What you need to do: Your output should be the lines below from the one with "12 Pack Hexagon" through the one with "1.12 Carat Oval", copied exactly, pictures excluded.

Provided entries:
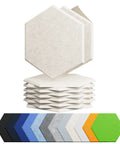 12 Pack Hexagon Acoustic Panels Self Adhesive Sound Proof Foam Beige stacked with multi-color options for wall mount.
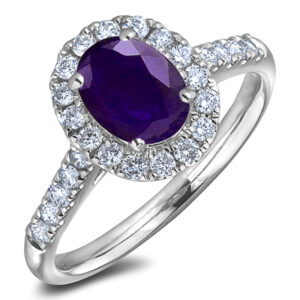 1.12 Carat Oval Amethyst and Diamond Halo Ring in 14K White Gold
==
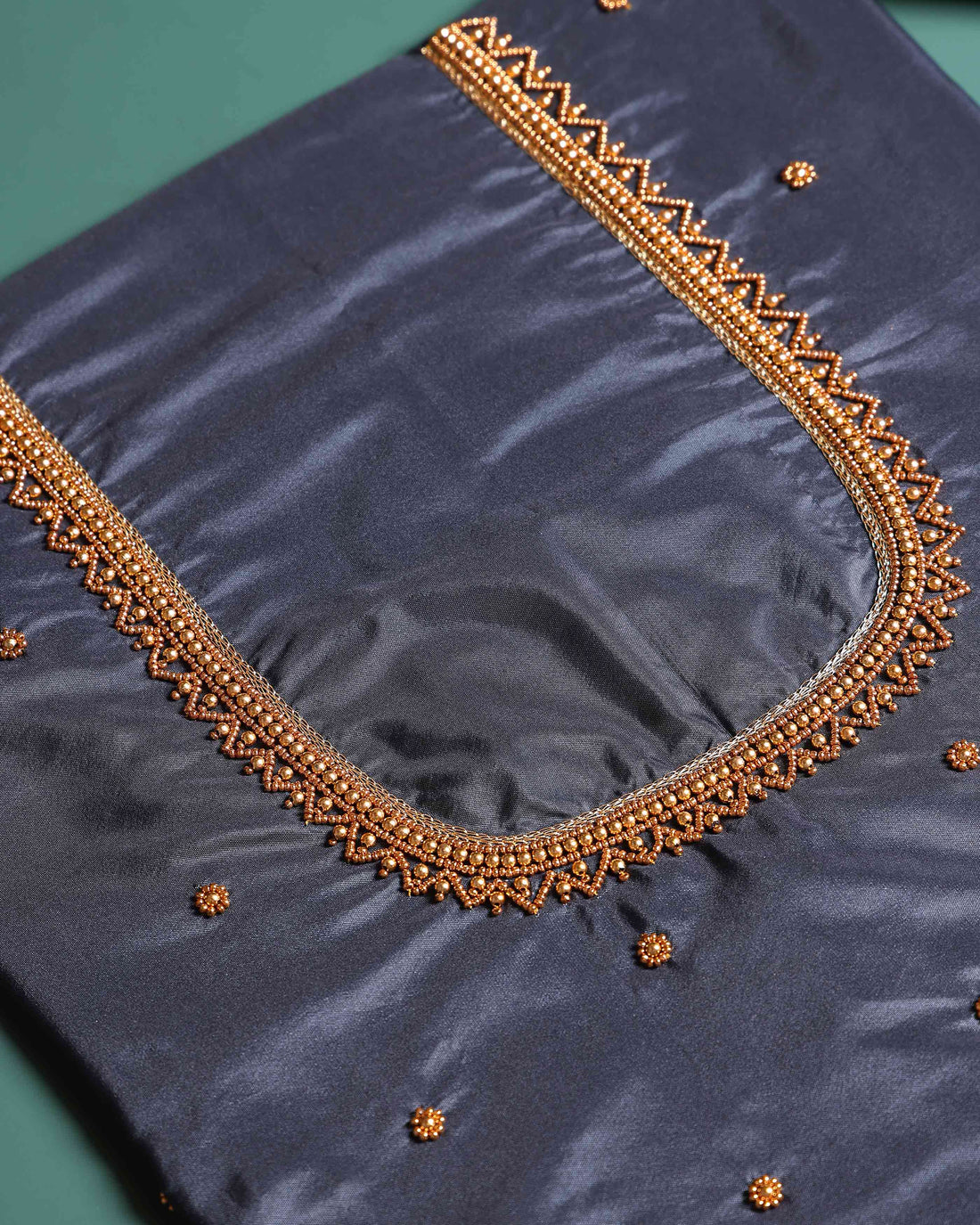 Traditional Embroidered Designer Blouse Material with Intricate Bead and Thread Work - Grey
--
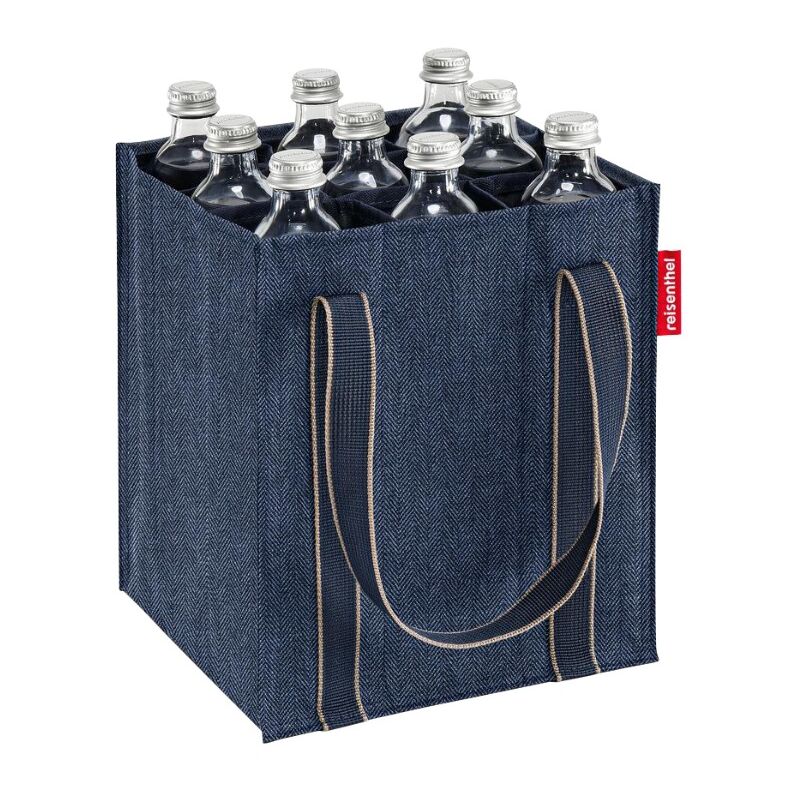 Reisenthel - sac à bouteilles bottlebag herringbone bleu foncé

Answer to the exercise:
 12 Pack Hexagon Acoustic Panels Self Adhesive Sound Proof Foam Beige stacked with multi-color options for wall mount.
 1.12 Carat Oval Amethyst and Diamond Halo Ring in 14K White Gold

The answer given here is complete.